Add SarvamMLA model (sarvamai/sarvam-105b) by aashay-sarvam · Pull Request #44569 · huggingface/transformers

aashay-sarvam · 2026-03-10T11:55:01Z

What does this PR do?

Adds native support for the sarvam_mla model type (sarvamai/sarvam-105b) to HuggingFace Transformers using the modular pattern, inheriting from DeepSeek V3.

Model Architecture

SarvamMLA is a 105B parameter Mixture of Experts (MoE) language model developed by Sarvam AI. It uses:

Multi-head Latent Attention (MLA): Low-rank KV compression with decoupled RoPE
Sparse MoE: 128 routed experts, 8 active per token, plus 1 shared expert
First layer dense: first_k_dense_replace=1 (Layer 0 = dense MLP, Layer 1+ = MoE)
DeepSeek YaRN RoPE: Extended context up to 131K tokens
Sigmoid routing with group-based top-k

Files Added

File	Description
`src/transformers/models/sarvam_mla/__init__.py`	Lazy loading module
`src/transformers/models/sarvam_mla/configuration_sarvam_mla.py`	Config with Hub compatibility (head_dim, rope_type normalization)
`src/transformers/models/sarvam_mla/modular_sarvam_mla.py`	48-line modular file inheriting DeepSeek V3
`src/transformers/models/sarvam_mla/modeling_sarvam_mla.py`	Auto-generated from modular (736 lines)
`tests/models/sarvam_mla/test_modeling_sarvam_mla.py`	Unit tests
`docs/source/en/model_doc/sarvam_mla.md`	Documentation with usage examples

Files Modified

src/transformers/models/auto/configuration_auto.py — CONFIG_MAPPING_NAMES, MODEL_NAMES_MAPPING
src/transformers/models/auto/modeling_auto.py — MODEL_MAPPING_NAMES, MODEL_FOR_CAUSAL_LM, SEQUENCE_CLASSIFICATION, TOKEN_CLASSIFICATION
src/transformers/models/__init__.py — import
src/transformers/conversion_mapping.py — "sarvam_mla": "qwen2_moe" (per-expert → batched weight conversion)
docs/source/en/_toctree.yml — docs index

Hub Compatibility Fixes (in config)

head_dim override: Hub config has head_dim: 576 (for vLLM MLA compat), but internally the model uses qk_rope_head_dim = 64 for RoPE. Popped from kwargs.
deepseek_yarn rope type: Hub config uses "type": "deepseek_yarn" but ROPE_INIT_FUNCTIONS only has "yarn". Normalized in config __init__.
Weight conversion: Per-expert ModuleList weights on Hub need conversion to batched format. Handled via qwen2_moe conversion pattern.

Test Results

Unit tests: 140 passed, 92 skipped (on GPU node)
End-to-end test: Full 105B model loaded in bf16 across 8× H100 80GB GPUs
- Config loads as SarvamMLAConfig with model_type=sarvam_mla
- Layer 0 MLP = SarvamMLAMLP (dense), Layer 1+ = SarvamMLAMoE ✓
- Generation produces coherent text ✓

Who can review?

@ArthurZucker

Rocketknight1 · 2026-03-11T13:21:55Z

Hi @aashay-sarvam, it looks like the architecture is identical to Deepseek V3! Can you just upload your checkpoints with that model type instead?

vasqu

Hey there 👋

I have left a few smaller comments but essentially we can already use the existing code. I assume that you want to keep the model type which is what my comments expect. It could also be updated to work with deepseek v3 directly completely (like Matt mentioned before me) but then it loses its identity I guess (no model type, no default config)

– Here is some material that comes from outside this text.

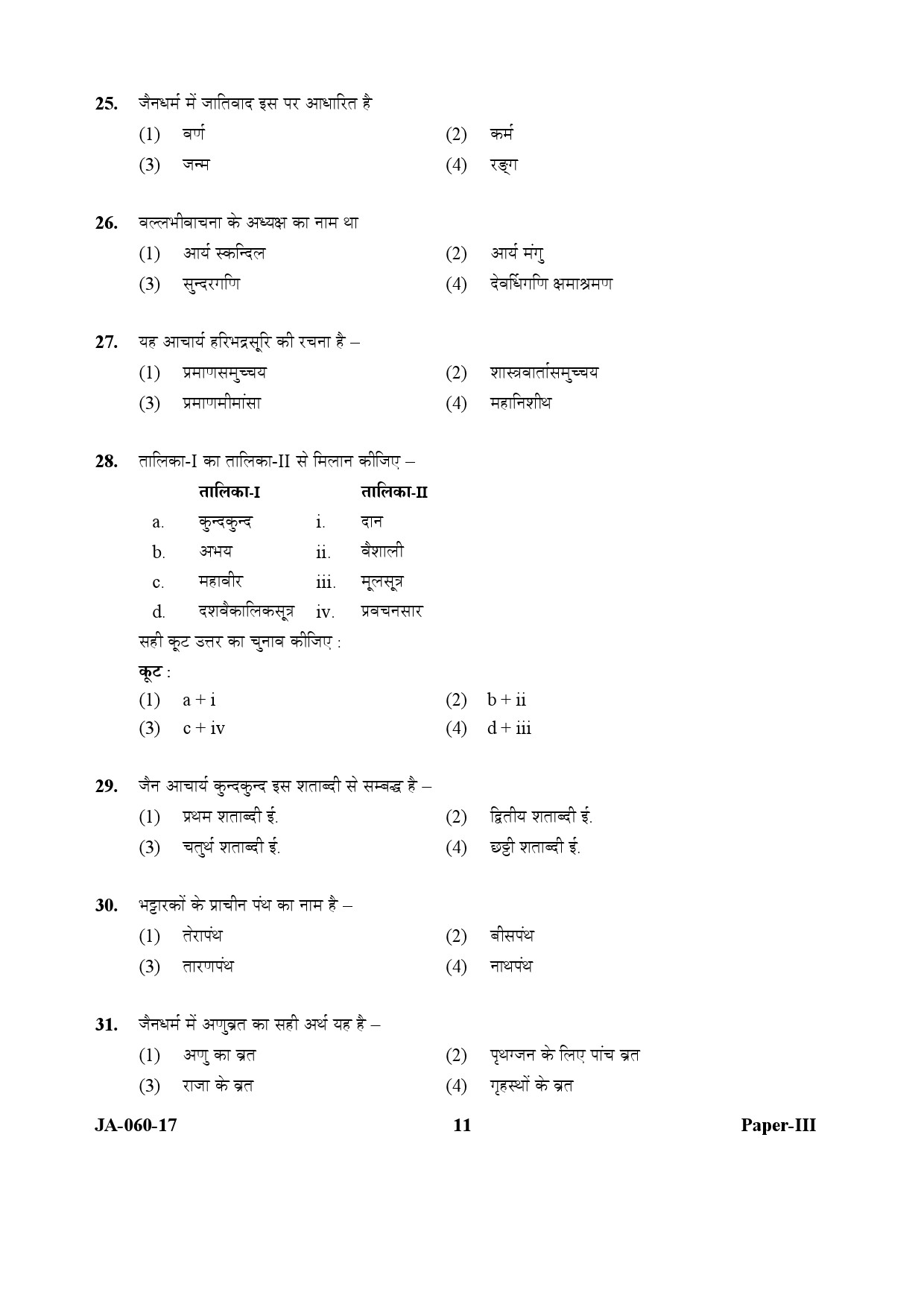 Buddhist Jaina Gandhian and Peace Studies Paper III January 2017 in Hindi 5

src/transformers/models/sarvam_mla/modular_sarvam_mla.py

src/transformers/models/auto/modeling_auto.py

src/transformers/models/auto/configuration_auto.py

src/transformers/models/sarvam_mla/configuration_sarvam_mla.py

tests/models/sarvam_mla/test_modeling_sarvam_mla.py

vasqu · 2026-03-13T12:52:18Z

#44569 (comment) might've gotten lost

aashay-sarvam · 2026-03-16T06:40:40Z

#44569 (comment) might've gotten lost

Missed this - will make the changes

vasqu

Some new comments, because things changed a bit on main - sorry 😓

For the CI make fix-repo should fix most smaller things

docs/source/en/model_doc/sarvam_mla.md

src/transformers/models/auto/modeling_auto.py

src/transformers/models/sarvam_mla/modular_sarvam_mla.py

vasqu · 2026-03-16T18:45:36Z

src/transformers/models/sarvam_mla/modular_sarvam_mla.py

+        # Hub config.json uses num_experts/num_shared_experts; map to parent names
+        n_routed_experts = kwargs.pop("num_experts", n_routed_experts)
+        n_shared_experts = kwargs.pop("num_shared_experts", n_shared_experts)
+
+        # head_dim in Hub config.json is kv_lora_rank + qk_rope_head_dim (for vLLM
+        # MLA compat), but DeepseekV3Config computes it as qk_rope_head_dim.
+        kwargs.pop("head_dim", None)
+        kwargs.pop("q_head_dim", None)


Would it be possible to change the remote config instead of adding workarounds?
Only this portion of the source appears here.